Ia menambahkan, pemeriksaan terhadap AS telah dijadwalkan dalam waktu dekat. Penyidik juga telah mengambil langkah pencegahan agar yang bersangkutan tidak meninggalkan wilayah Indonesia.
"Atas penetapan tersangka tersebut, penyidik telah mengirimkan surat panggilan terhadap Tersangka AS, untuk dilakukan pemeriksaan yang diagendakan pada hari Rabu, tanggal 8 April 2026," ujar dia.
Koordinasi lintas lembaga dan penelusuran aset
Dalam upaya mempercepat pengungkapan kasus, Bareskrim terus menjalin koordinasi dengan sejumlah pihak, termasuk Pusat Pelaporan dan Analisis Transaksi Keuangan (PPATK) dan jaksa penuntut umum (JPU).
Langkah ini dilakukan untuk memperkuat proses penelusuran aset yang diduga berasal dari hasil kejahatan. Penyidik berupaya melacak aliran dana serta mengamankan aset yang berpotensi digunakan sebagai barang bukti.
"Untuk menemukan, mengidentifikasi, dan melacak harta kekayaan yang disembunyikan, dialihkan, atau berasal dari hasil tindak pidana, sekaligus mengamankan aset tersebut sebagai barang bukti dalam rangka memaksimalkan pemulihan kerugian para korban," ungkapnya.

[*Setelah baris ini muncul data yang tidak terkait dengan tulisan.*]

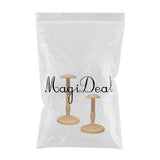 Maxbell Wooden Hat Rack Cap/Wig Holder Freestanding Display Storage Styling Stand 2x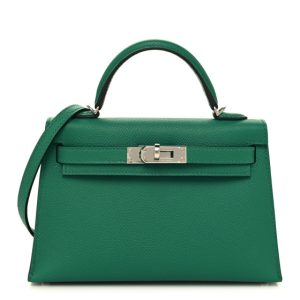 Hermès Kelly Sellier 20 Vert Vertigo U4 Epsom 2024 B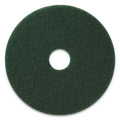 Americo Scrubbing Pads, 20" Diameter, Green, 5/Carton
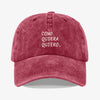 Gorra Prelavada Como Quiera Quiero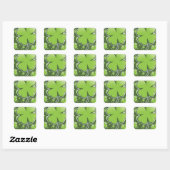 Sticker Carré Lucky Charms (Feuille)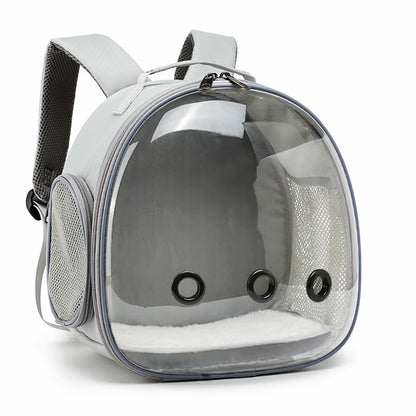 Pet Backpack Hamster Carrier Transparent Small Animal Carrier Guinea Pig Backpack Sugar Glider Ferret Pet Bag Rabbit Bunny Cage - My Store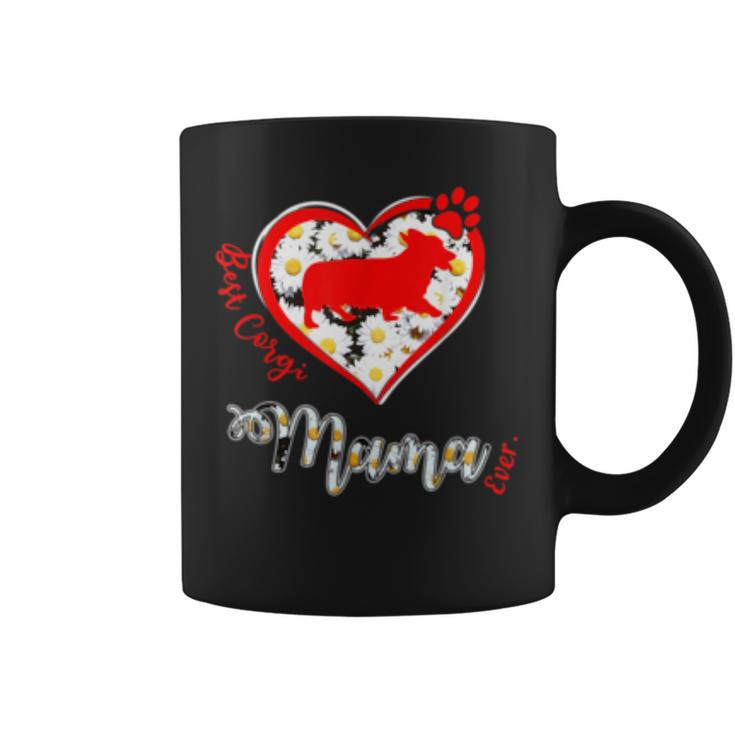 Heart Dog Funny  Best Corgi Mama Funny Mothers Day  Coffee Mug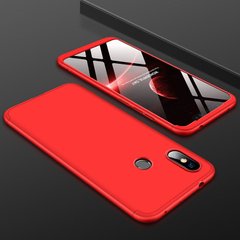Чехол GKK 360 для Xiaomi Redmi Note 6 Pro бампер оригинальный Red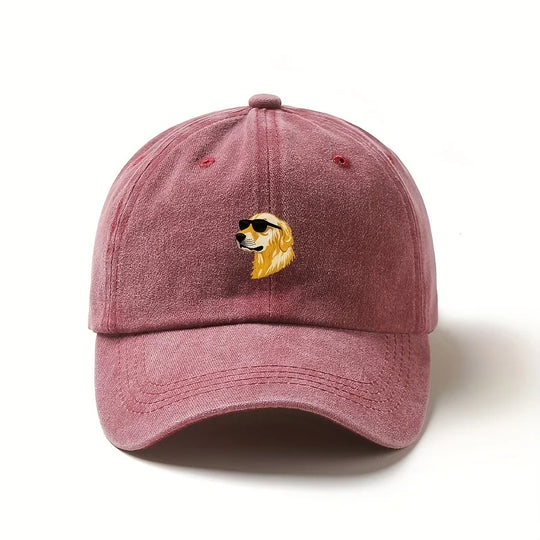Golden Retriever Sunglasses Baseball Cap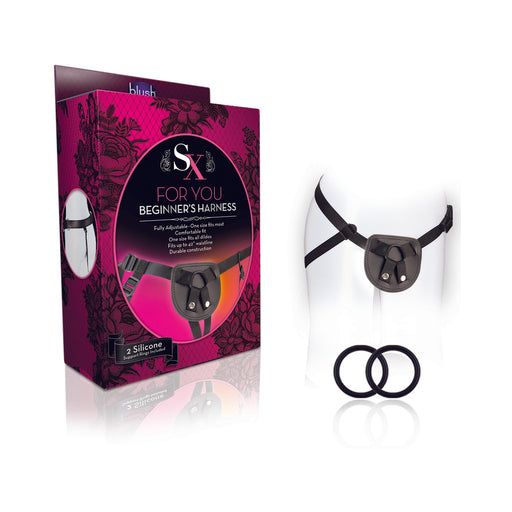 SX For You Beginners Harness Black | cutebutkinky.com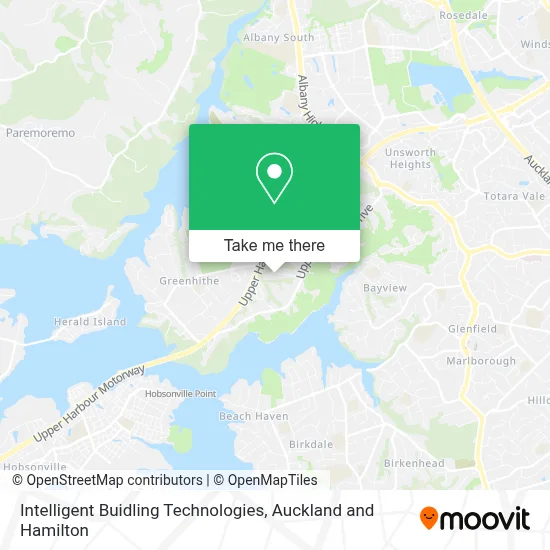 Intelligent Buidling Technologies map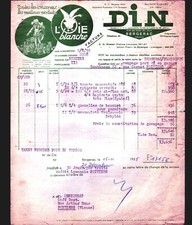 BERGERAC (24) CANNED FOOD / THE WHITE GOOSE "DIN" Invoice in 1955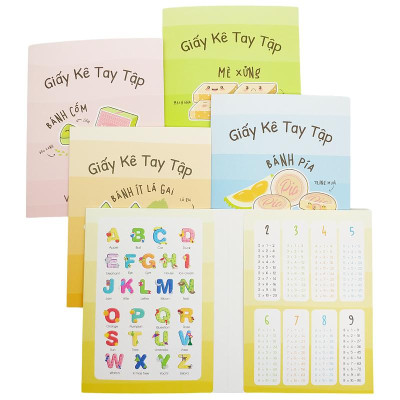 Giấy Kê Tay Tập Bánh Việt - The Sun - Bánh Ít Lá Gai - Màu Cam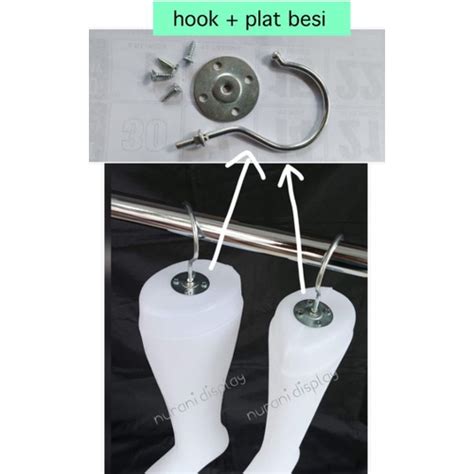 jual pengait hook  plat bulat besi gantungan shopee indonesia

Tiga tersangka telah ditetapkan
Dengan penambahan AS, total tersangka dalam perkara ini kini berjumlah tiga orang. Sebelumnya, penyidik telah menetapkan Direktur Utama PT DSI Taufiq Aljufri, mantan Direktur Mery Yuniarni, serta Komisaris Arie Rizal Lesmana sebagai pihak yang bertanggung jawab.
Ketiganya diduga memiliki peran dalam praktik penipuan berkedok investasi yang dijalankan oleh perusahaan tersebut.
Modus proyek fiktif rugikan ribuan korban
Dalam penyelidikan, terungkap bahwa PT DSI menjalankan modus penipuan melalui pembuatan proyek investasi fiktif. Data milik investor atau peminjam (borrower) yang sudah ada dimanfaatkan kembali dan seolah-olah menjadi proyek baru.
Cara ini membuat para investor percaya untuk menanamkan dana, padahal proyek tersebut tidak pernah ada.
“Akibat aksi penipuan itu terdapat 15 ribu korban dengan total nilai kerugian mencapai Rp2,4 triliun selama periode 2018-2025,”pungkasnya.
Penyitaan rekening dan aset
Sebagai bagian dari proses hukum, Bareskrim telah melakukan pemblokiran terhadap puluhan rekening yang terkait dengan PT DSI dan jaringan afiliasinya. Total terdapat 63 rekening yang diblokir.
Selain itu, penyidik juga menyita dana sebesar Rp4 miliar dari 41 rekening perbankan yang telah diidentifikasi. Tidak hanya itu, sejumlah kendaraan bermotor yang diduga berasal dari hasil tindak pidana turut diamankan.
Langkah ini dilakukan guna mengembalikan sebagian kerugian yang dialami para korban sekaligus memperkuat pembuktian dalam proses hukum yang tengah berjalan.